(Work instructions): Nothing but the exact text of the entries should appear in your answer; pictures stay out.

(Given information):
"""

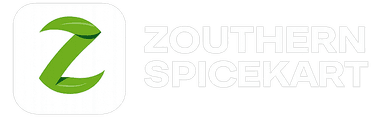 Zouthern Spicekart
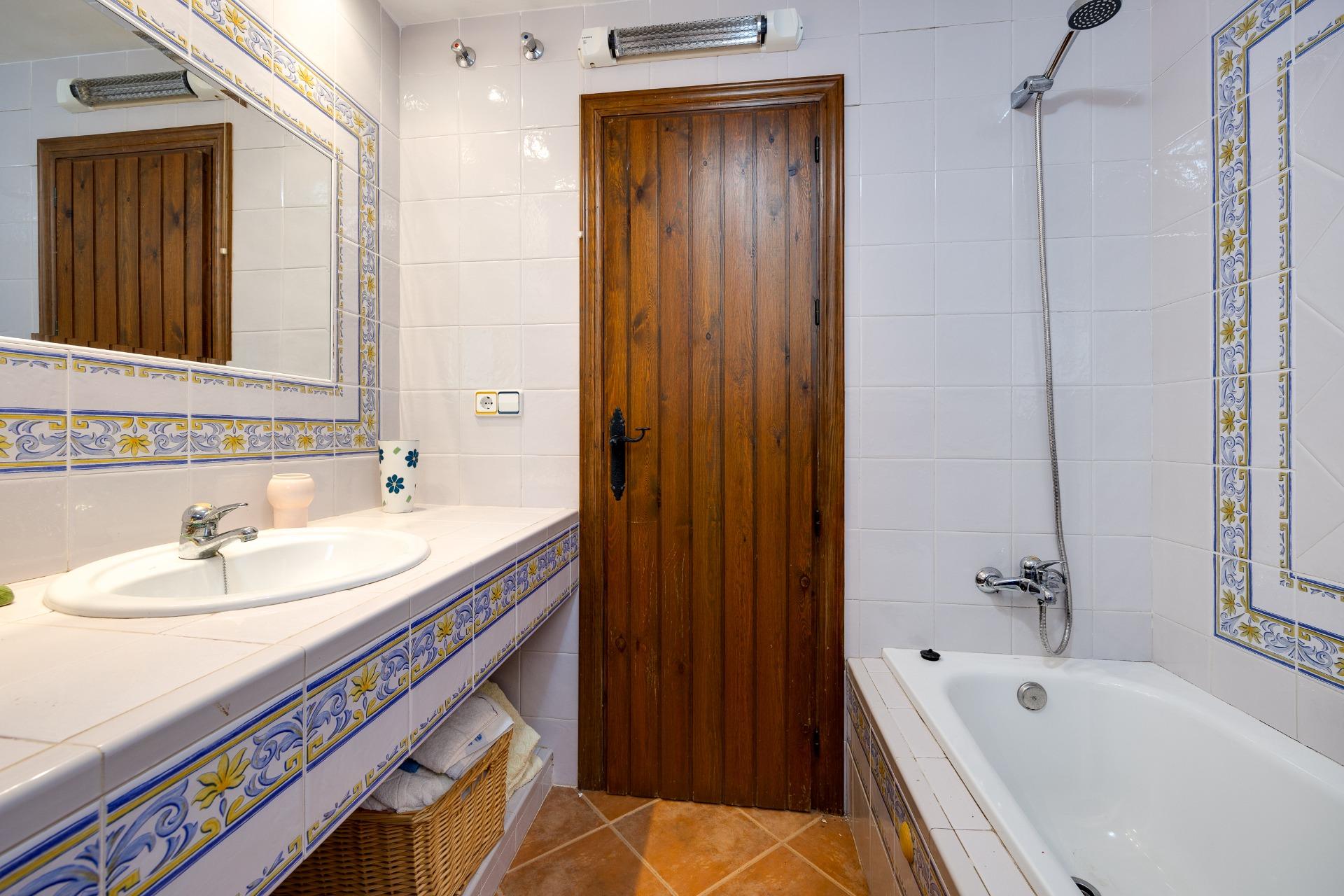 Villa en venta en San Miguel de Salinas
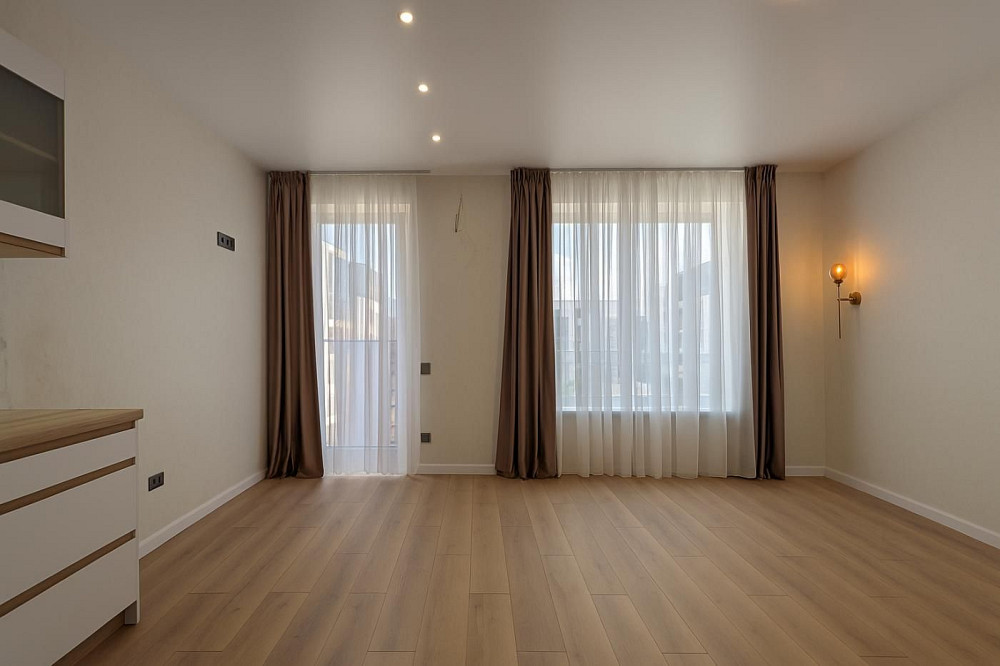 Без комісії . Студія з новим ремонтом. Ідеально під оренду. Вигідно. Ирпень - изображение 2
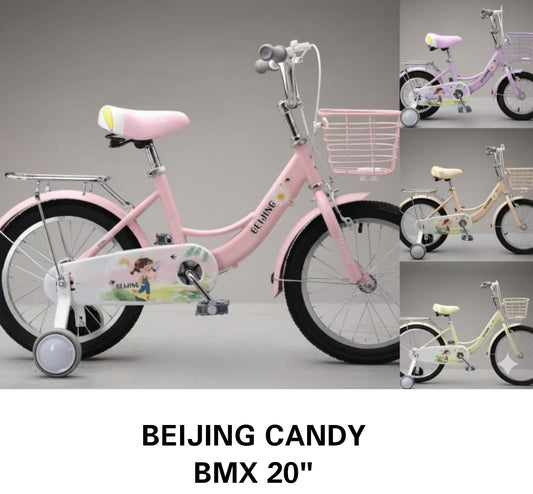 Beijing Candy BMX 20"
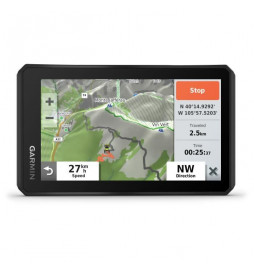 Garmin Tread GPS tout...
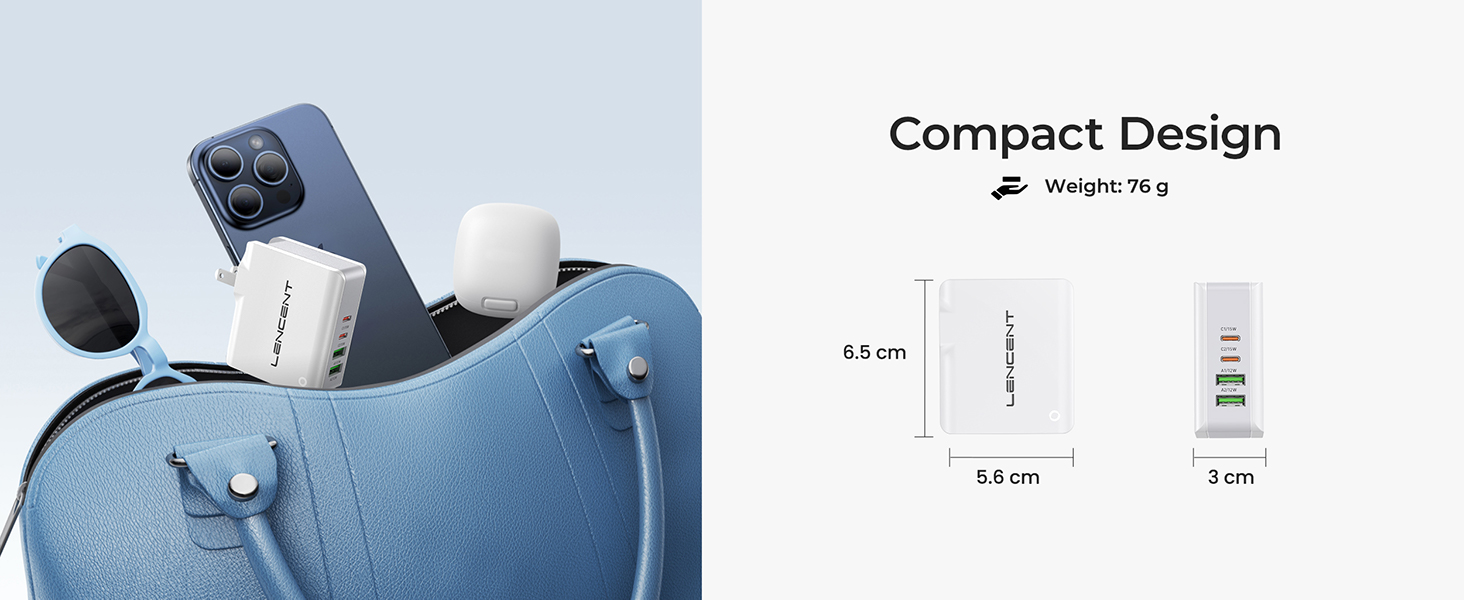 usb wall charger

"""

(Result):
 Zouthern Spicekart
 Villa en venta en San Miguel de Salinas
 Без комісії . Студія з новим ремонтом. Ідеально під оренду. Вигідно. Ирпень - изображение 2
 Beijing Candy BMX 20"
 Garmin Tread GPS tout...
 usb wall charger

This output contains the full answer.